**TRY IT**
Quote the records that follow in full, leaving the pictures out.

**TASK DATA**

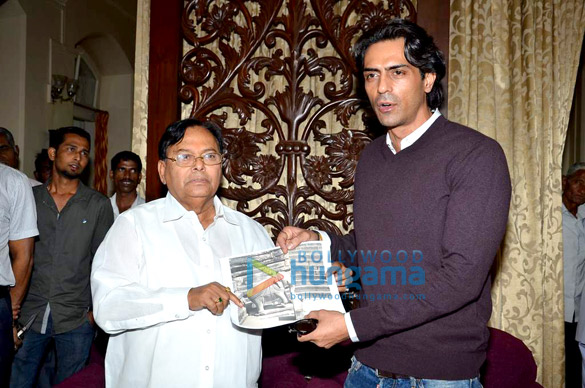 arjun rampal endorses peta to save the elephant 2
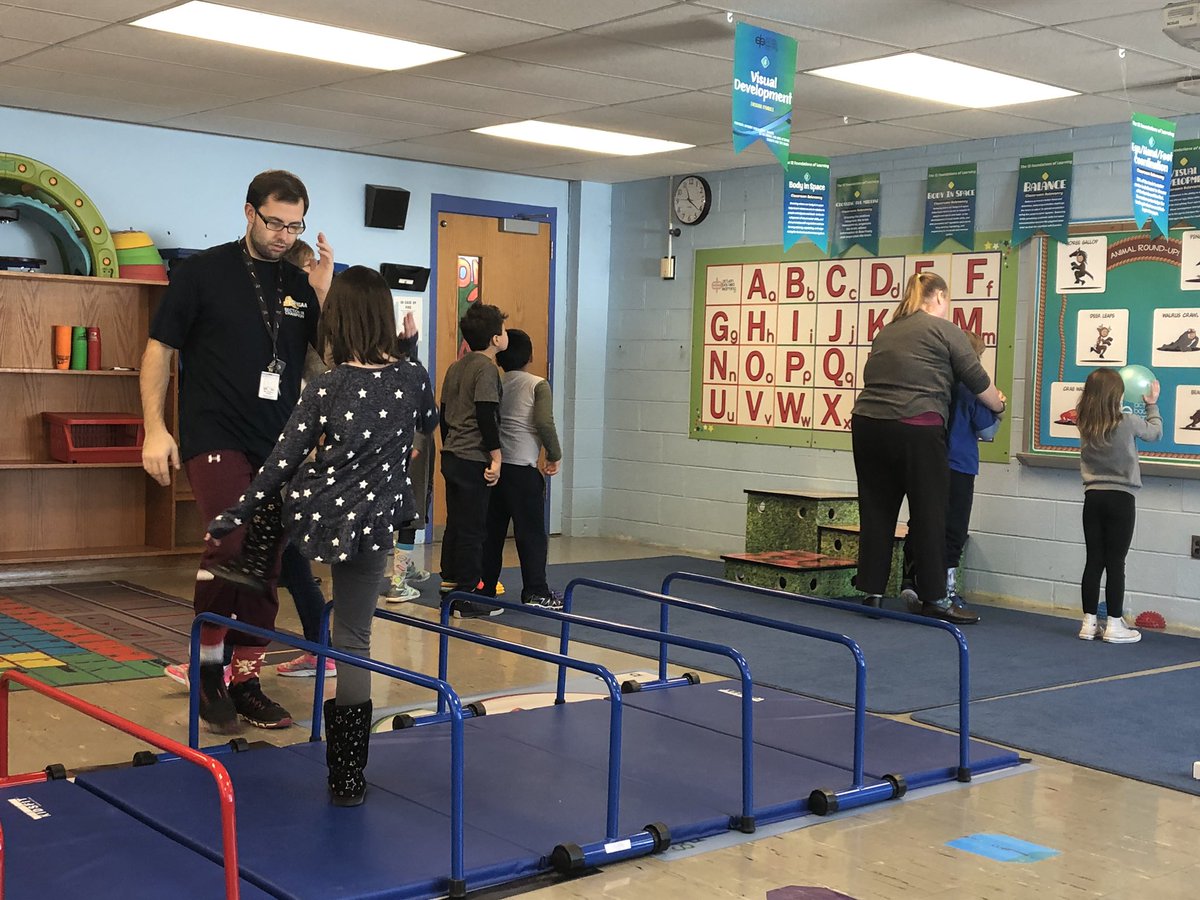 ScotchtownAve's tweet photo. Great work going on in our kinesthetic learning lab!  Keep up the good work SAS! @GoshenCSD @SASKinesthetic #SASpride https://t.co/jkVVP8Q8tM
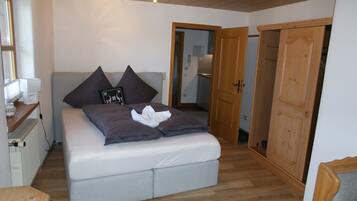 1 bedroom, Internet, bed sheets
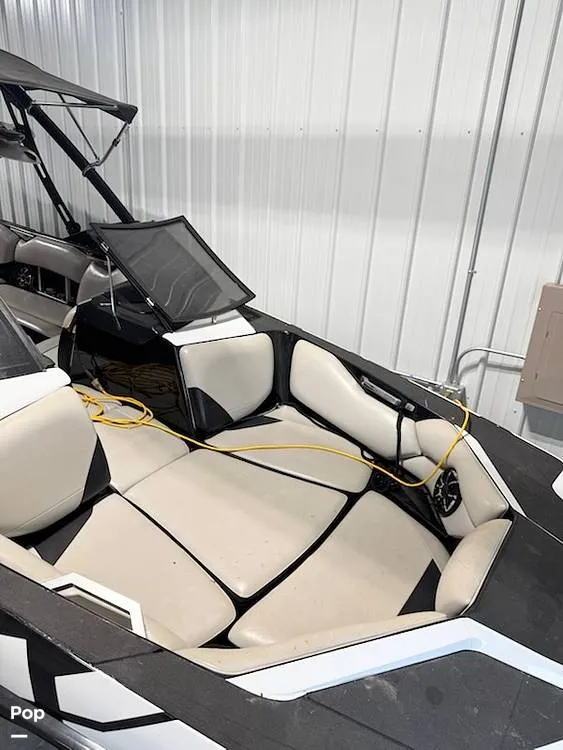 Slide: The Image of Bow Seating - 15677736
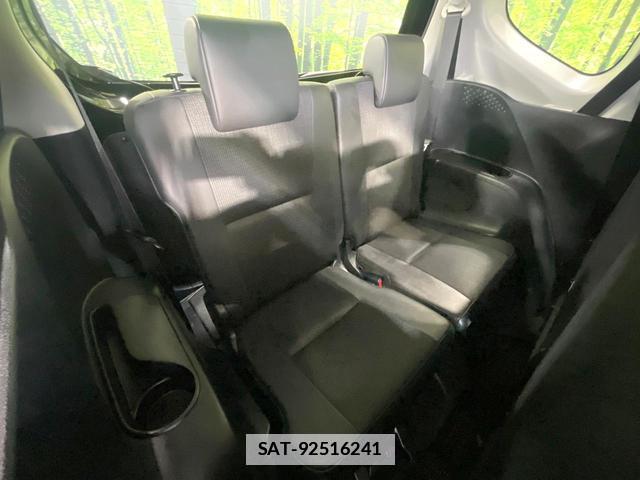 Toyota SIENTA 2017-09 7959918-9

**FINISHED TASK**
 arjun rampal endorses peta to save the elephant 2
 ScotchtownAve's tweet photo. Great work going on in our kinesthetic learning lab!  Keep up the good work SAS! @GoshenCSD @SASKinesthetic #SASpride https://t.co/jkVVP8Q8tM
 1 bedroom, Internet, bed sheets
 Slide: The Image of Bow Seating - 15677736
 Toyota SIENTA 2017-09 7959918-9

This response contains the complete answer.